Toen kwam de digitale film in de bioscoop. In het begin was dat van een slechte kwaliteit. Vaak klopte de beeldverhouding, de ratio niet. Het was niet om aan te zien. Ik haakte af. Later werd de digitale projectie van een superieure kwaliteit.
De inhoud van films waardoor ik me aangesproken voelde veranderde niet, maar het materiaal wel.
Dat verklaart waarom ik een fan van de films van de kunstenaars Tacita Dean of Stan Brakhage ben. Die zijn van celluloid. Er zijn vele digitale kunstenaarsfilms van goede kwaliteit. Maar ze raken me niet. Niet in mijn hart en niet in mijn hoofd. Ik weet het, ik heb mezelf ermee, maar het is niet anders.
II. Nu is er een pleidooi voor 3D-reproducties in musea. Deels beredeneerd vanuit educatie en publieksbereik. In een opinie voor Het Parool zegt buitenpromovendus technische kunstgeschiedenis Liselore Tissen die daar voorstander van is:
‘In tegenstelling tot Benjamins claim, lijkt de ‘mechanische’ 3D-reproductie niet voor ‘de dood van kunst’ te zorgen, maar juist een remedie te zijn tegen het volledig verdwijnen van originele kunstwerken.’

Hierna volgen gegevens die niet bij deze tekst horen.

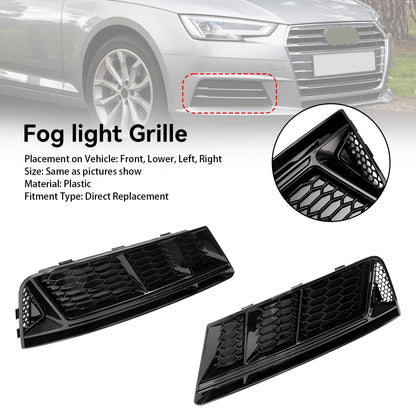 2016-2018 Audi A4 B9 Standard RS4 Style Front Fog Light Grill Lower Bumper Grille Chrome — Pair (8WD807681 / 8WD807682)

Dat is me een te technische uitleg. Ik ben het er niet mee eens. Kunstwerken zijn niet voor de eeuwigheid bedoeld. In musea wordt hun houdbaarheidsdatum oneigenlijk opgerekt. Het is onvermijdelijk dat ze verdwijnen als origineel werk. Dat is naar mijn idee niet erg. Dat moeten we aanvaarden. We moeten ons ermee verzoenen
III. Theodor Adorno schrijft in Valéry Proust Museum (vertaald): Het Duitse woord ‘museale’ heeft nare ondertonen. Het beschrijft voorwerpen tot wie de toeschouwer niet langer een vitale relatie heeft en die een stervingsproces ondergaan. Ze danken hun behoud meer aan de historische context dan aan de behoeften van het heden. Museum en mausoleum hebben meer gemeen dan een fonetische overeenkomst. Musea zijn de familiegraven van kunstwerken.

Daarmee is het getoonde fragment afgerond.